Dataset extract ::
┌────────

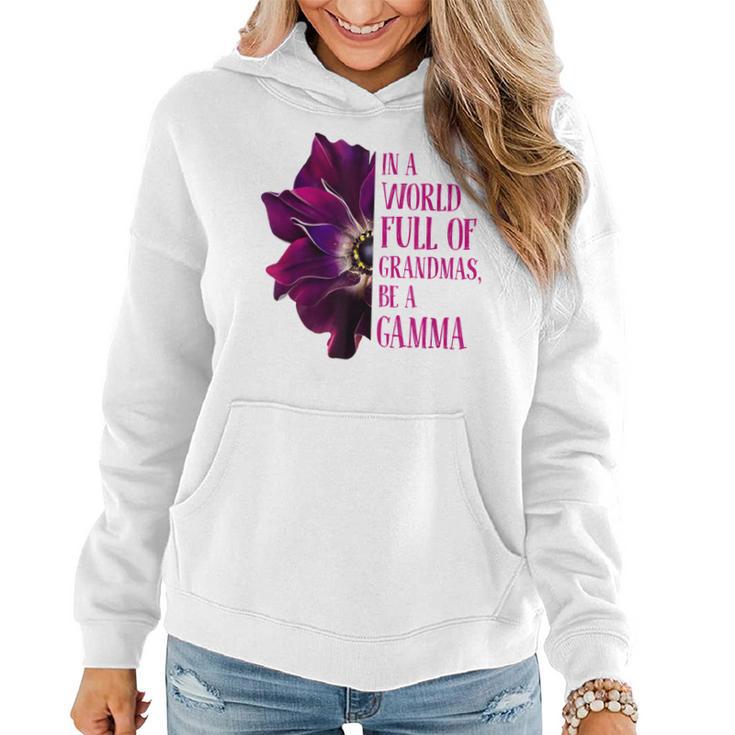 Anemone World Full Of Grandmas Be Gamma Grandmas Gifts  Women Hoodie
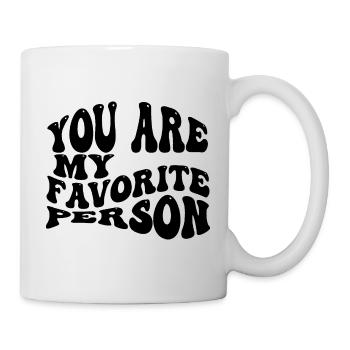 Tu es ma personne préférée - Mug blanc - blanc - Droite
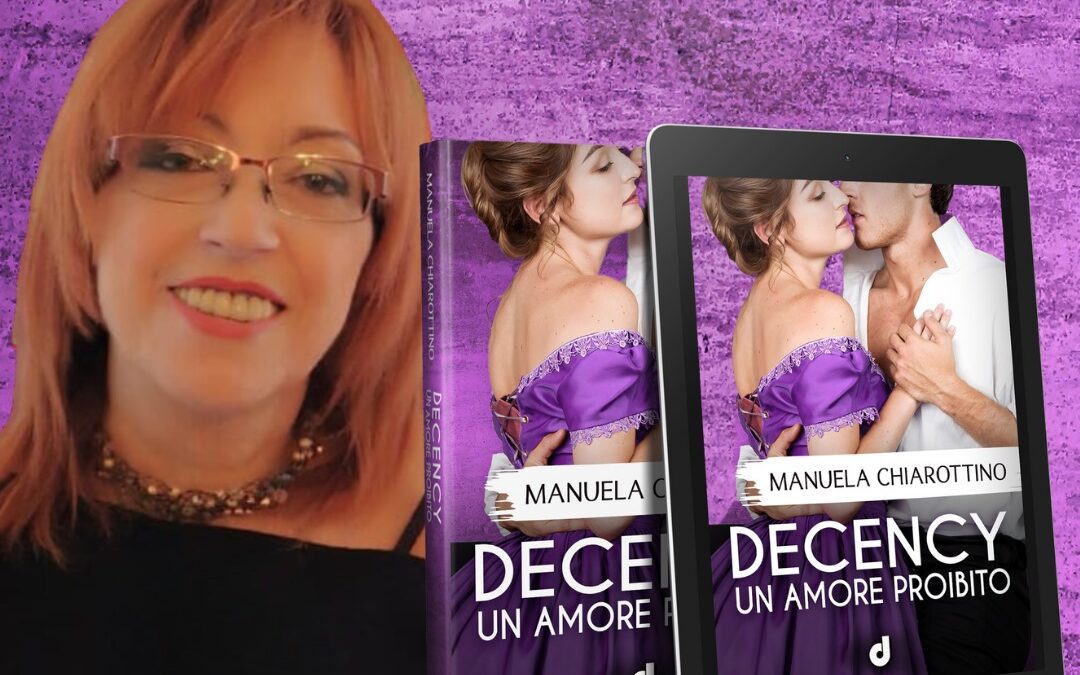 “Decency Un amore proibito”, il nuovo libro di Manuela Chiarottino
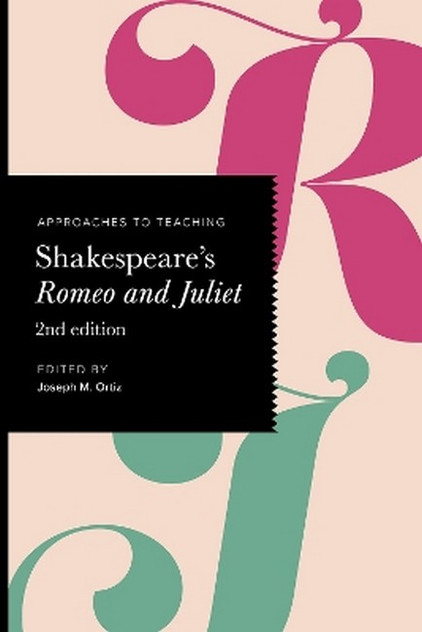 Approaches to Teaching Shakespeare's Romeo and Juliet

└────────

Copy out the data verbatim, excluding the pictures.

Response for this exercise ::
 Anemone World Full Of Grandmas Be Gamma Grandmas Gifts  Women Hoodie
 Tu es ma personne préférée - Mug blanc - blanc - Droite
 “Decency Un amore proibito”, il nuovo libro di Manuela Chiarottino
 Approaches to Teaching Shakespeare's Romeo and Juliet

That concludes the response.